I've also noticed how adults are often afraid to interact with art unless there is clear instruction. There was a child in the exhibit at the same time as me, who fearlessly ran up to each installation waving his arms trying to understand how each piece worked and how he would influence them. When I think about the work I want to create I wonder what the right balance of instruction will be in order to encourage adults to play and experiment as fearlessly as that child, but without giving them step by step instructions on how they are supposed to play and control the artwork.
Zhang Huan and Li Binyuan
On the other end of the spectrum 'Land', an exhibit focusing on the performance art of Zhang Huan and Li Binyuan provided ample context for the various pieces exhibited.

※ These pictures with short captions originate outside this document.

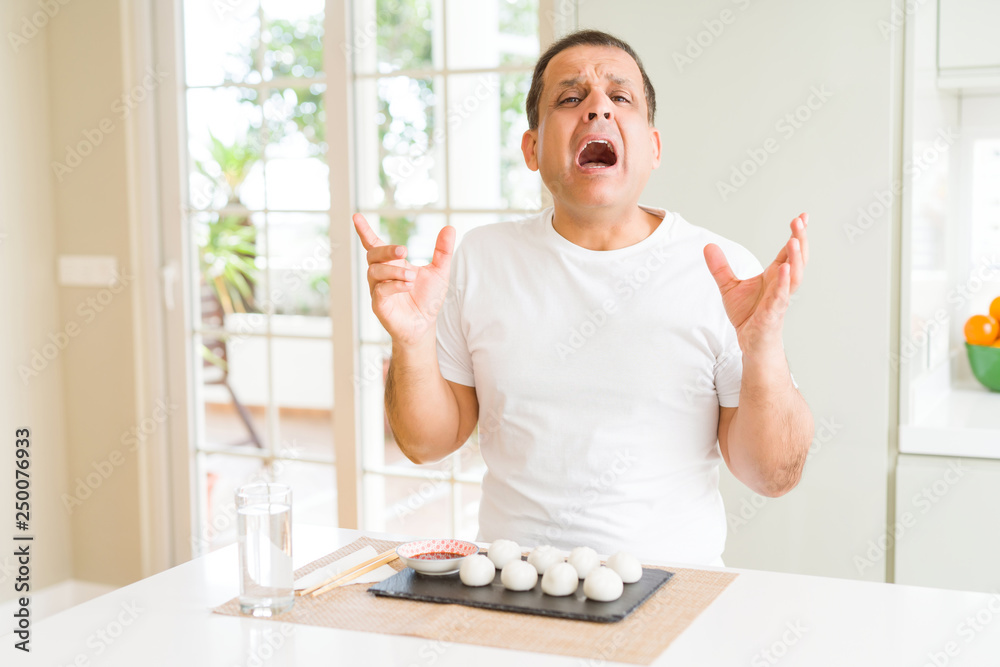 Middle age man eating asian dumplings at home crazy and mad shouting and yelling with aggressive expression and arms raised. Frustration concept. Middle age man eating asian dumplings at home crazy and mad shouting and yelling with aggressive expression and arms raised. Frustration concept.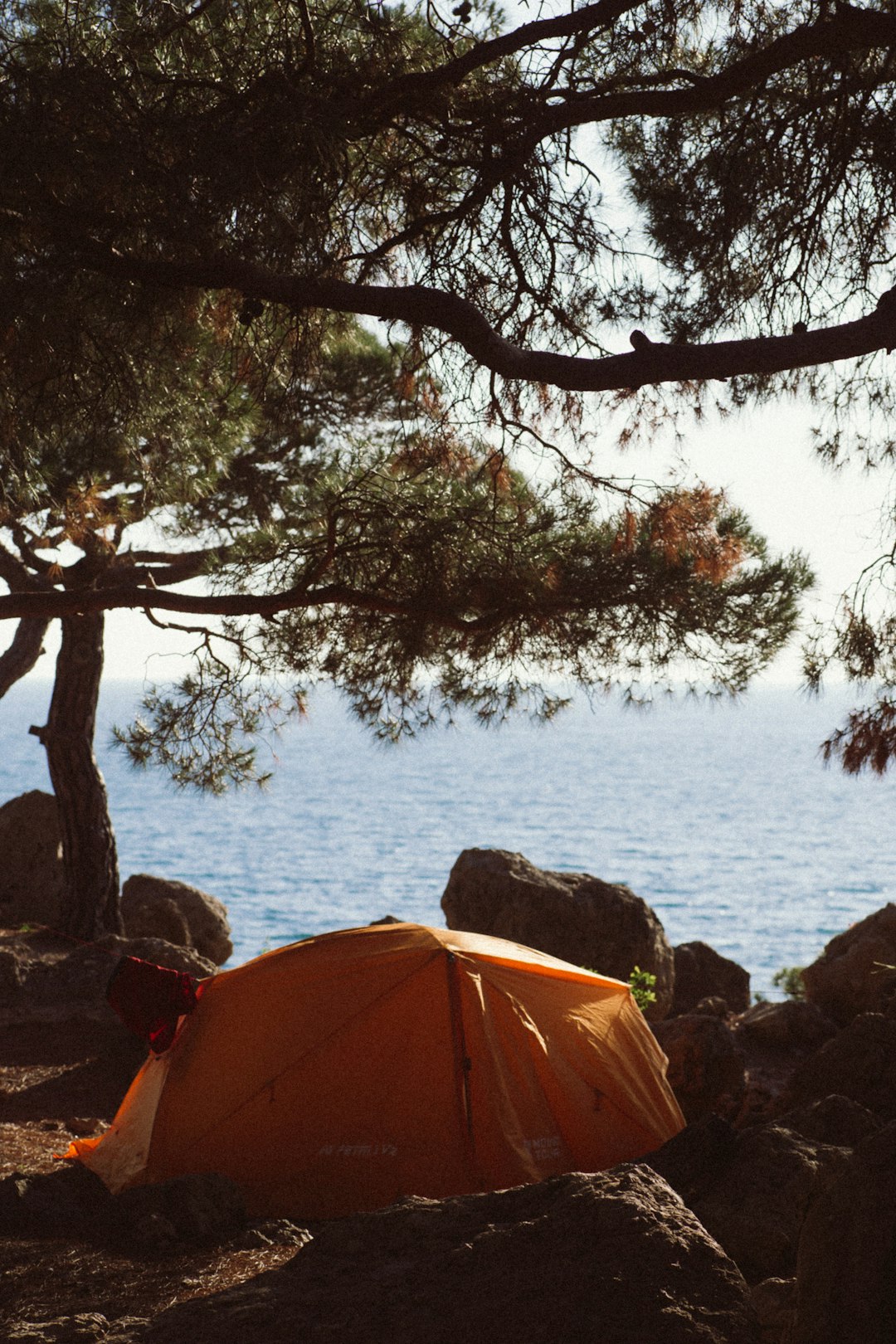 orange tent near body of water during daytime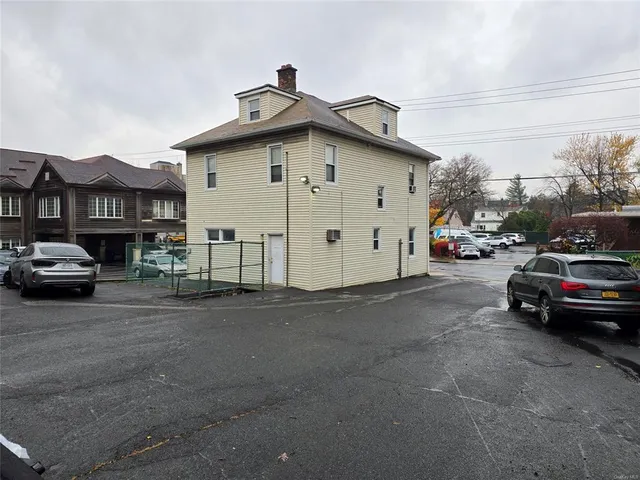 a view of street with parked cars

Each piece was accompanied by in depth explanations providing context that often helped bridge cultural gaps for me. While some images and videos were striking without context, the information provided by the curator or artist gave me perspective that often moved the images from beautiful to meaningful.
In particular in Zhang Huan's performance where he continually climbs a bamboo tree and attempts to slowly lower himself back to the ground, having a description of the attempts encouraged me to spend more time with the piece. Without the context I probably would have watched a single attempt and then moved on, but with context I stayed to watch as he repeatedly climbed struggling with each repeated attempt. Even though I knew the ultimate outcome because fo the description I was almost more engaged because of that information, waiting in anticipation of the final outcome. Watching as he attempted to matched the strength of nature, showing power over the bamboo he bent, but ultimately the bamboo only bent while his own body broke causing him to fall.
Seth Price's larger than life prints of human skin create this deep sense of intimacy with the subjects while being completely anonymous. At first glance the images felt like sprawling landscapes, when in reality they were extreme close ups. Price's images reveal very little about the subject. While the exhibit lists the names of the subjects it is still unclear which image correlates with which name. Skin can often provide context for artwork. It can represent identity, culture, be a canvas for personal expression, but in this exhibit it has been abstracted to such an extreme it does not even feel like skin anymore. All the usual associations we may have with skin have been stripped away leaving us only with these contradictory images that provide incredibly intimate details about a person in the most abstract way.